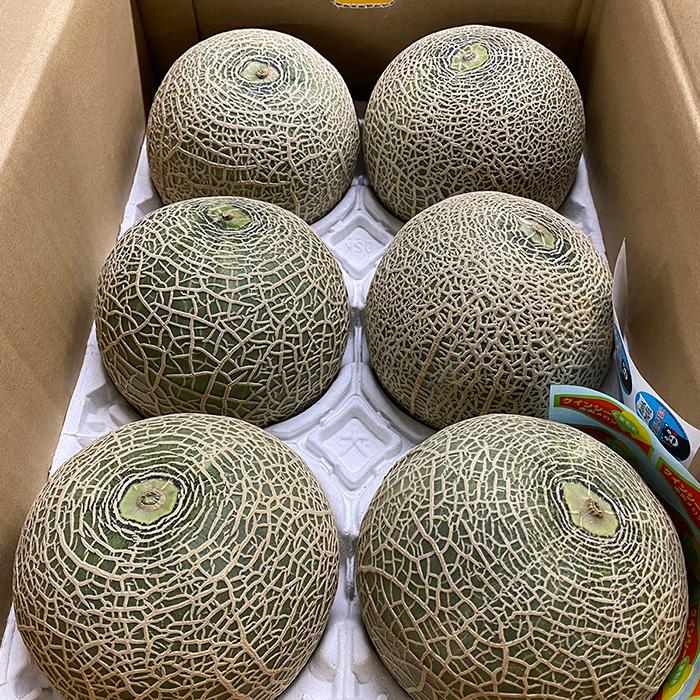 熊本県産 クインシーメロン （赤肉メロン） L〜2Lサイズ 5〜6玉入 約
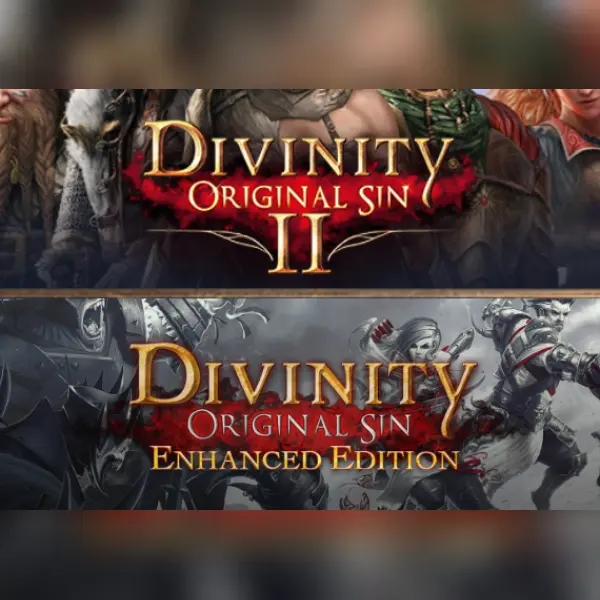 Divinity: Original Sin 1 + 2 Bundle — GOG, Standard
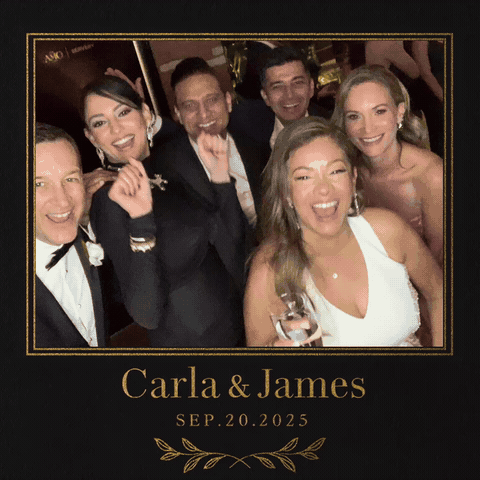 Ring Roamer boomerang sample 1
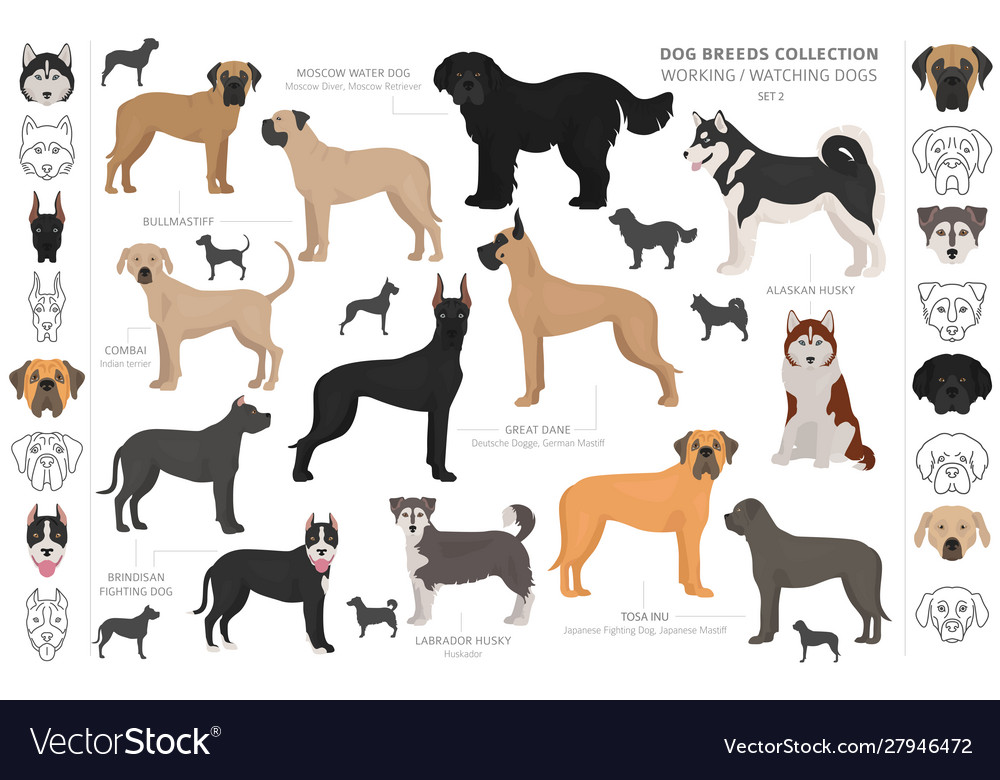 Working Service And Watching Dogs Collection Vector Image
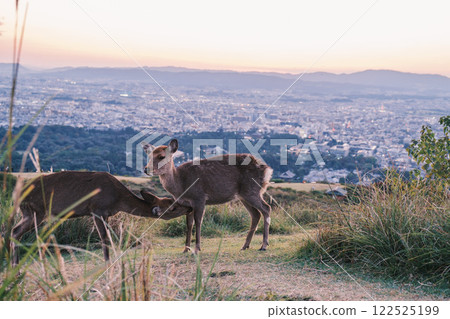 [若草山] 可愛的鹿 122525199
────────
[Problem requirements] All preceding records should be duplicated verbatim, images excepted.

[Output for this exercise]
 熊本県産 クインシーメロン （赤肉メロン） L〜2Lサイズ 5〜6玉入 約
 Divinity: Original Sin 1 + 2 Bundle — GOG, Standard
 Ring Roamer boomerang sample 1
 Working Service And Watching Dogs Collection Vector Image
 [若草山] 可愛的鹿 122525199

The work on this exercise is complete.